• _DATA FOR THIS EXERCISE_:

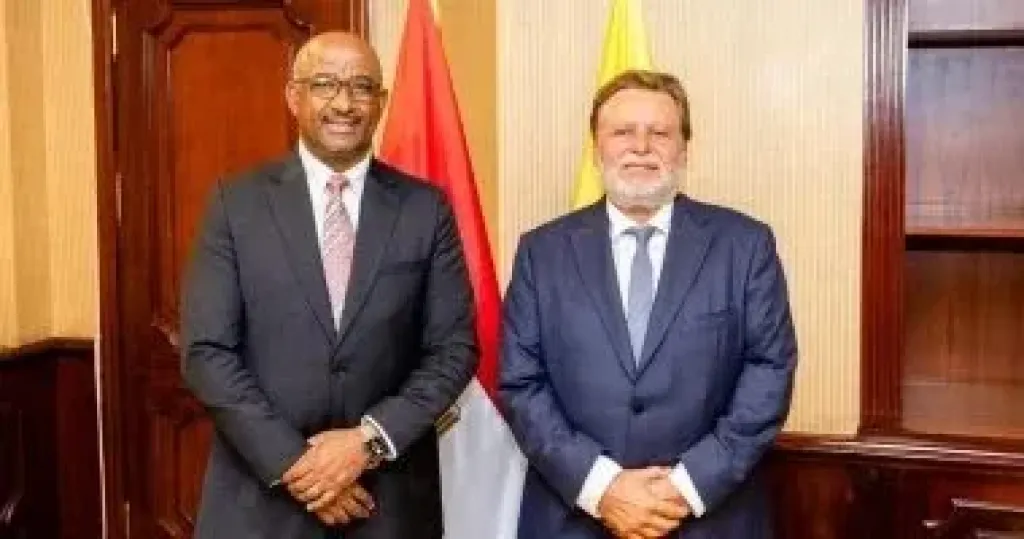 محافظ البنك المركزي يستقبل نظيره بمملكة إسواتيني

---

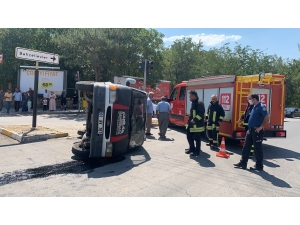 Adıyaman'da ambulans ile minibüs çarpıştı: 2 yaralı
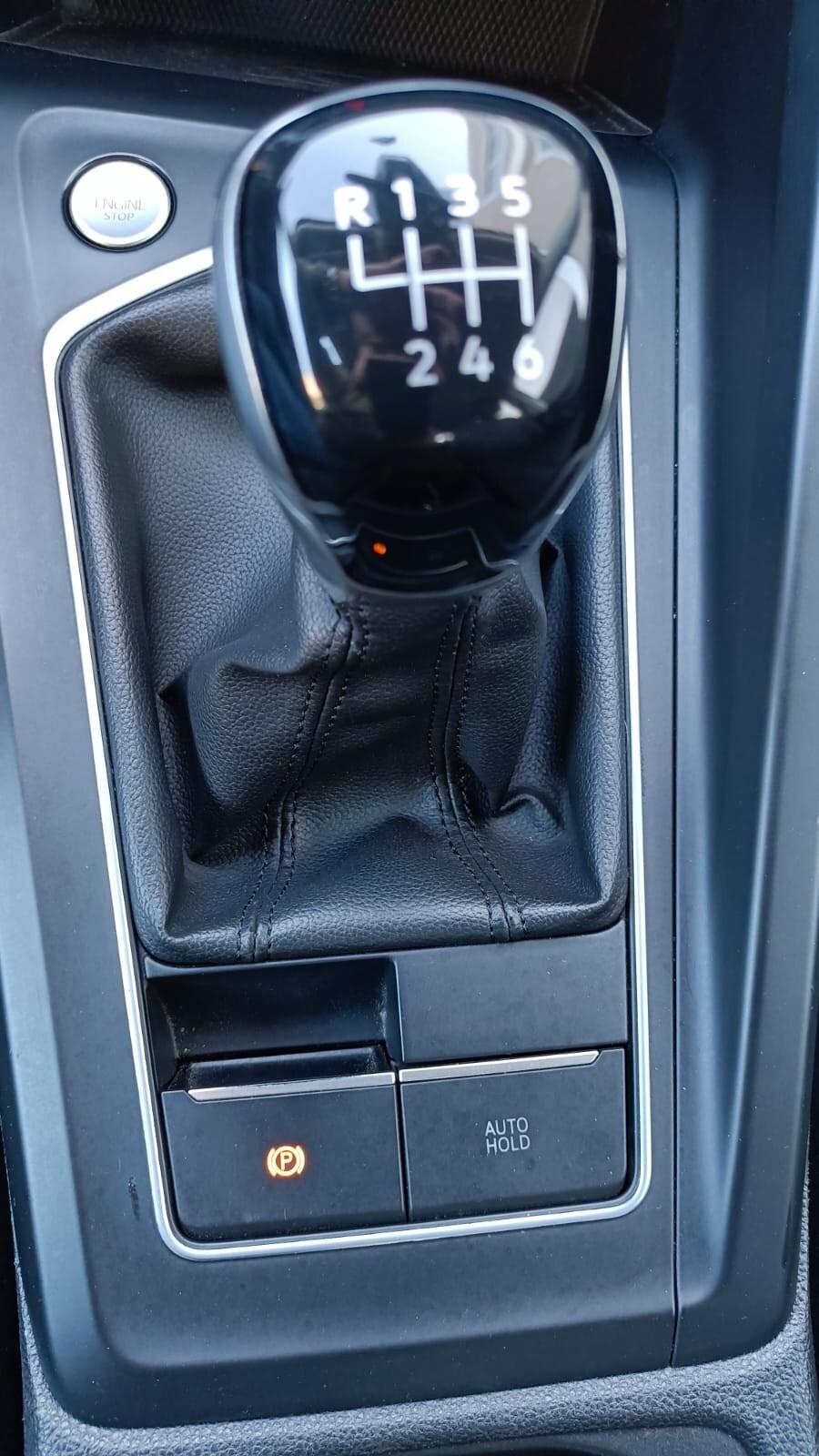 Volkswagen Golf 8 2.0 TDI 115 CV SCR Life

• _EXERCISE_:
Everything above from the line containing "Adıyaman'da ambulans ile" down to the line containing "Volkswagen Golf 8 2.0 TDI 115 CV SCR Life" is to be duplicated exactly, both lines included, and the pictures are to be omitted.

• _ANSWER TO THE PROBLEM_:
 Adıyaman'da ambulans ile minibüs çarpıştı: 2 yaralı
 Volkswagen Golf 8 2.0 TDI 115 CV SCR Life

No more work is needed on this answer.